IB 2022/96: toelating afhankelijke familieleden bij EU-burger

Dit Informatiebericht gaat over de voorwaarden voor verblijfsrecht van familieleden van EU-burgers die niet behoren tot het kerngezin. Deze worden toegelaten als sprake is van een relatie van afhankelijkheid ‘die gebaseerd is op een nauwe, duurzame persoonlijke band die is ontstaan in hetzelfde huishouden en in het kader van een gemeenschappelijk huiselijk leven, welke verder gaat dan louter samenwonen om praktische redenen. Het is aan het familielid om deze band aan te tonen.’

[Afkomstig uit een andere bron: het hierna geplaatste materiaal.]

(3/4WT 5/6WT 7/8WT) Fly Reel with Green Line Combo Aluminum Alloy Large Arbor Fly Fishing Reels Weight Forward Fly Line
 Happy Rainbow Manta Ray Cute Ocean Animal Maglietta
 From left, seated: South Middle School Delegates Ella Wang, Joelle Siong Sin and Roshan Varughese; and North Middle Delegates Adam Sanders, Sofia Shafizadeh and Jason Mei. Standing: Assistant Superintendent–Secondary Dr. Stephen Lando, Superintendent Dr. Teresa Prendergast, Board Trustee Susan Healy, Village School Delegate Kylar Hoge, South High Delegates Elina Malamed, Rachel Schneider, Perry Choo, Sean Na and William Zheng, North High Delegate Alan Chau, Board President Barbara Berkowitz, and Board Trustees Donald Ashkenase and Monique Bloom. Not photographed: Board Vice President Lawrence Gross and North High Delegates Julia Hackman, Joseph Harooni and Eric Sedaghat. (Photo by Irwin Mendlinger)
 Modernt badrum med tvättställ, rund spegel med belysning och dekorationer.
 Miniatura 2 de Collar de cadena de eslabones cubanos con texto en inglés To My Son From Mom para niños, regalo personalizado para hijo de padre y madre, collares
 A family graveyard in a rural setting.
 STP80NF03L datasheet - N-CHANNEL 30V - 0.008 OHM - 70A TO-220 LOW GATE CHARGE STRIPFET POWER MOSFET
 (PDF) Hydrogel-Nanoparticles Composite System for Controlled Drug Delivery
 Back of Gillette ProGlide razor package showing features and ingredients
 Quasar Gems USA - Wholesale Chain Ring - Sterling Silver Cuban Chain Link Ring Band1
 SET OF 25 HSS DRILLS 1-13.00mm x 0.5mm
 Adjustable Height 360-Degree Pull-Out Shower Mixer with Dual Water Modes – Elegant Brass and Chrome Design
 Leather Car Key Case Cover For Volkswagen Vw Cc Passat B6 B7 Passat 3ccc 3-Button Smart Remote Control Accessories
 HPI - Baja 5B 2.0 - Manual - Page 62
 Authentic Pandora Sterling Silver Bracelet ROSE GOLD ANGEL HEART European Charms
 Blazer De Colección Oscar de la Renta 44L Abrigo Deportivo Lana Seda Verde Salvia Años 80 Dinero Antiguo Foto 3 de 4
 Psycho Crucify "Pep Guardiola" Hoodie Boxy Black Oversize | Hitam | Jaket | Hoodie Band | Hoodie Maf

Om te toetsen of er sprake is van zo’n dergelijke band is onder meer van belang:

  • De hechtheid van de betrokken familierelatie;
  • De reciprociteit en de intensiteit van de band. De band moet van dien aard zijn dat als het andere familielid in het gastland niet zou kunnen inwonen bij de Unieburger, minstens een van beiden daaronder zou lijden;
  • Duur van het samenleven.

Dit gaat niet zo ver dat die band zodanig is dat de Unieburger zijn vrij verkeer-rechten niet zou uitoefenen indien het andere familielid hem niet zou kunnen vergezellen of volgen. Dan zou je immers dit andere familielid gelijkstellen met familieleden die worden genoemd in artikel 2, tweede lid, Richtlijn 2004/38.